Over the past 26 years, Peruvian director Francisco Lombardi has amassed a prolific body of work concerned with the ongoing battle between idealism and corruption.

While Lombardi’s films are little known outside of his homeland, the Calgary International Film Festival hopes to change that by showcasing a retrospective of his three most recent pictures. While the first of the three films is a ridiculous and overlong sex farce dressed up as a satire of the military, the other two prove that Lombardi is indeed deserving of the festival’s spotlight.

The less said about Captain Pantoja and the Special Services (2000), the better. In this bawdy romp, Lombardi tells the story of a Peruvian army captain whose impeccable military record leads him to be promoted to the rank of procurer, in charge of delivering prostitutes to soldiers in outposts throughout the Amazon. While the film cleverly exposes the hypocrisy inherent in military hierarchy, it’s much too long to sustain its comic impact and too often resorts to chauvinist stereotyping to carry its message.

On the other hand, Red Ink (2000) and Ojos Que No Ven (2003) are much more accomplished in their respective portrayals of corruption in the news media and in politics. Red Ink chronicles the descent an idealistic young journalist (Giovanni Ciccia) into a morass of depravity through his apprenticeship at a sensationalist tabloid newspaper. A frank look at opportunistic, "if it bleeds, it leads" news coverage, Red Ink revels in ironic situations and in the moral degradation of its central character – an anti-hero whose corruption seems only natural in such an immoral professional environment.

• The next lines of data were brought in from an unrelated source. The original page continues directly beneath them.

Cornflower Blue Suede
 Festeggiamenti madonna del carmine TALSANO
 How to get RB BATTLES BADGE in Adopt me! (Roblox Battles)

Lombardi’s latest film, Ojos Que No Ven (2003), also calls the Peruvian news media into question, but primarily as an accessory to the fraudulent behaviour of Peruvian president Alberto Fujimori’s government. Here Lombardi places the dissolution of the ruling leader’s regime against a backdrop of a society in decline. It’s an epic tale, somewhat reminiscent of American director John Sayles’s masterpiece City of Hope in the way it shows the complicity of all parties – the electorate included – in the ultimate success or failure of any democracy.

Lombardi’s films may be set in Peru, but with their relentless pursuit of truth and justice in a corrupt world, they are nevertheless relevant to North American society, and anyone who has even a passing interest in current events.